Sacchi: “Sarri ha fatto un capolavoro e Allegri aveva più alternative”

L’ex allenatore del Milan: “Anche a me, come è accaduto un po’ a Sarri, dicevano che facevo giocare bene le squadre ma non vincevo perchè la differenza la fa sempre la qualità dei giocatori”

di Redazione ITASportPress

In questa stagione la sfida non è stata solo tra Juventus e Napoli, ma anche tra Massimiliano Allegri e Maurizio Sarri. Due allenatori con due filosofie di gioco differenti che hanno dato inizio ad un lungo dibattito. La concretezza contro l’idea di un calcio brillante e piacevole da vedere. Arrigo Sacchi, ex tecnico del Milan e della Nazionale italiana, intervenuto ai microfoni di Radio Crc ha parlato dei bianconeri e degli azzurri che hanno dato vita ad una grande lotta: “Sarri a Napoli ha compiuto un grandissimo lavoro e lo ha fatto perché il club gli ha dimostrato stima e fiducia per cui a Napoli ha trovato l’ambiente giusto. L’unico appunto che posso muovere a De Laurentiis che tenendo il bilancio sano consente al club di avere continuità, è che dovrebbe essere molto più chiaro perché chi ha un fatturato maggiore parte favorito. Sarri ha compiuto un capolavoro in azzurro ed ha divertito tutti.

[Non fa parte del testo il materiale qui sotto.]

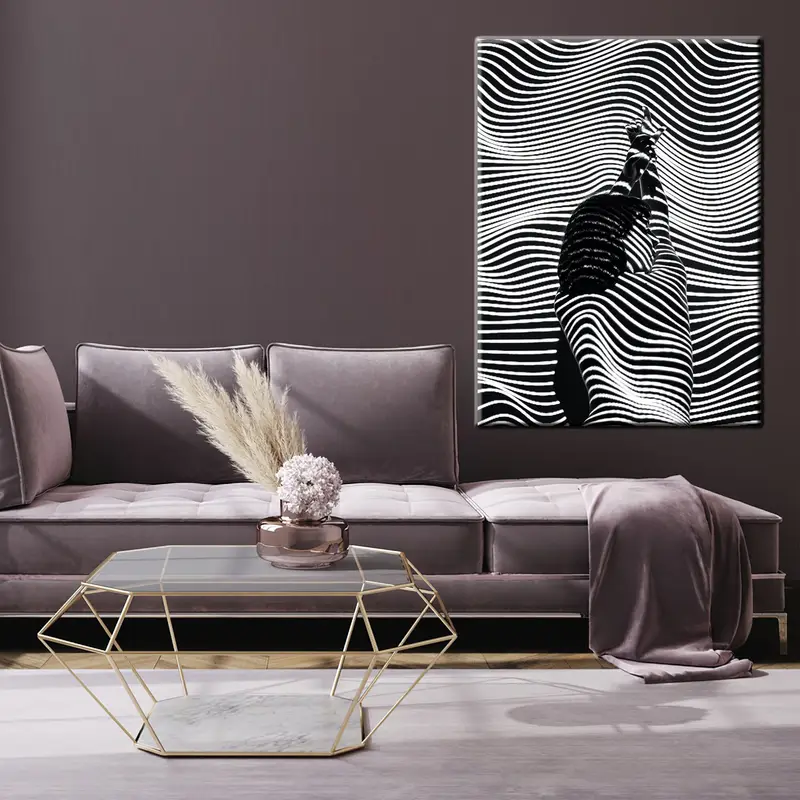 Woman Wall Art, Modern Wall Decor, Luxury Wall Decor, Trendy Wall Art, Woman Canvas, Canvas Wall Art, Home Decor, Birthday Gift, Modern Art, - 6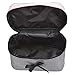 Creazy Square Bow Stripe Cosmetic Bag (Black)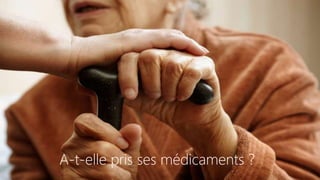 A-t-elle pris ses médicaments ?
 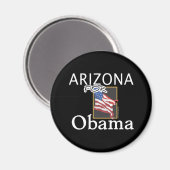 Arizona voor Obama Magnet (Voorkant / Achterkant)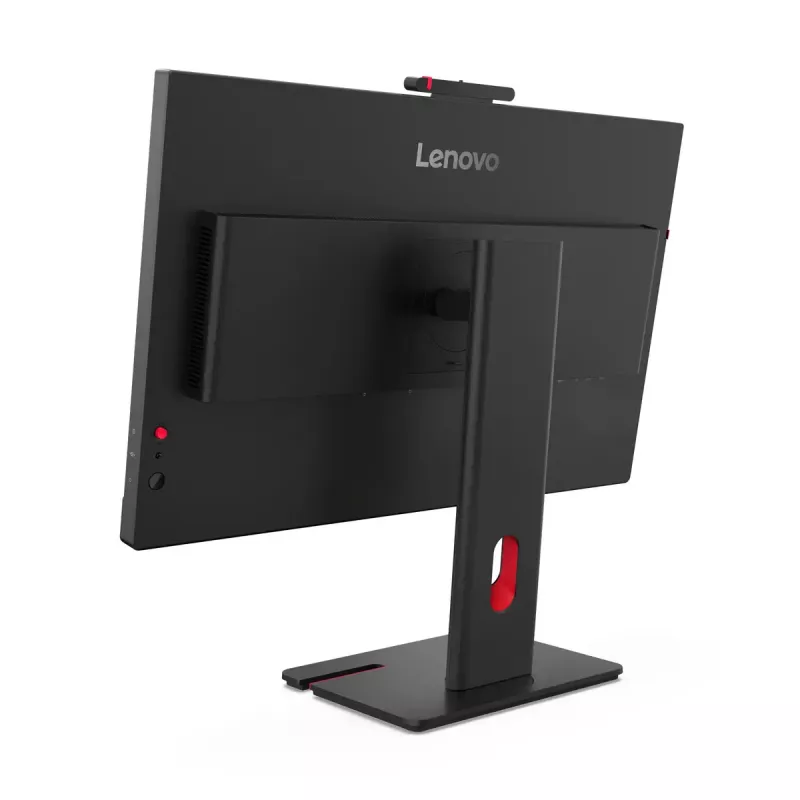 24 collu Lenovo ThinkVision T24-4v IPS LCD monitors, 1920×1080 Full HD, 6 ms, 250 cd/m², iebūvēti skaļruņi, USB centrmezgls, VESA, augstumā regulējams, melns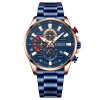 Чоловічий годинник Curren 8415 Blue-Gold фото 2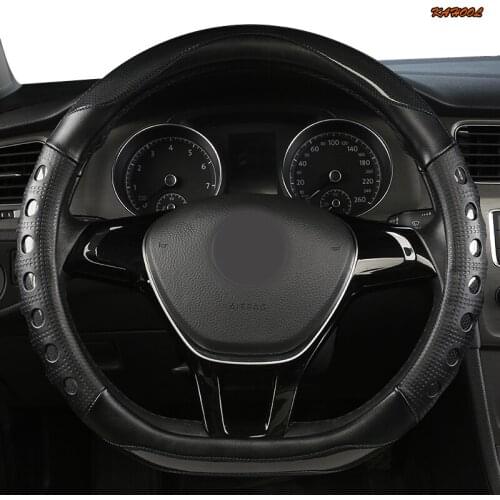 KAHOOL Microfiber Leather Car Steering Wheel Cover For Renaults Duster Megane 2 3 koleos Logan sandero Scenic 2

Ricordo una telefonata di Guardiola che mi disse: ‘ma il Napoli quanto gioca bene?’ Questo per dire che sono arrivati attestati di stima da tutte le parti per il Napoli.  Almeno 4 o 5 squadre in Italia spendono più del Napoli e per questo vanno fatti i complimenti al club azzurro, ma va detto. Ho visto tutte le partite del Napoli e quando non potevo le registravo e devo dire che non ho mai visto un affaticamento fisico, neppure nell’ultimo periodo, è stato piuttosto mentale. Gli azzurri hanno portato un peso a cui non erano abituati”.

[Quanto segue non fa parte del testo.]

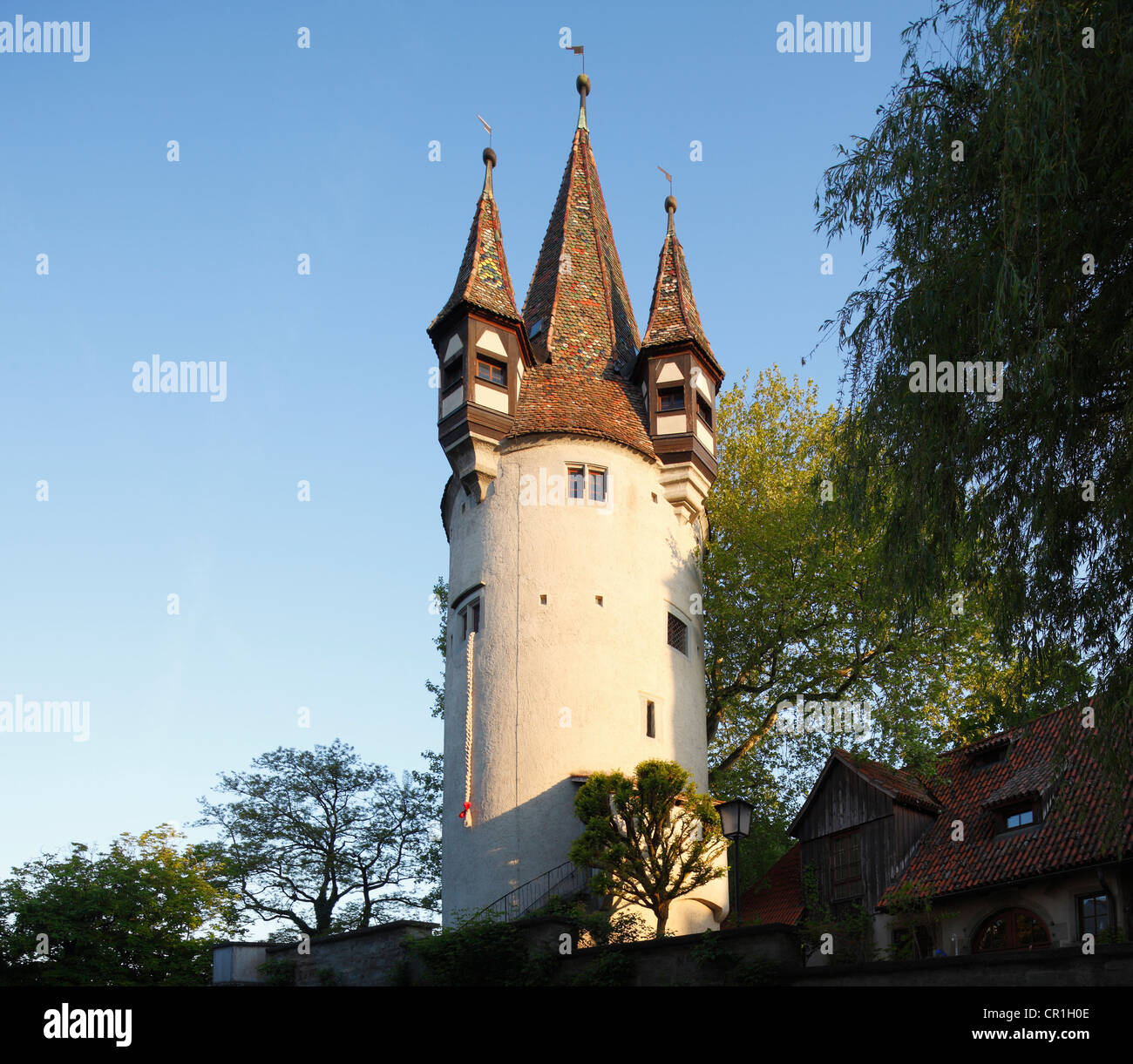 Torre Diebsturm, Lindau sul Lago di Costanza, Svevia, Baviera, Germania, Europa PublicGround Foto Stock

JUVENTUS – “Poi, però, quando vedevi la panchina della Juventus capivi che ottime alternative poteva avere Allegri. Anche a me, come è accaduto un po’ a Sarri, dicevano che facevo giocare bene le squadre ma non vincevo perchè la differenza la fa sempre la qualità dei giocatori. Non ci vuole fortuna nel gioco del calcio, ma il talento e non si possono prendere calciatori sconosciuti e pretendere di vincere”.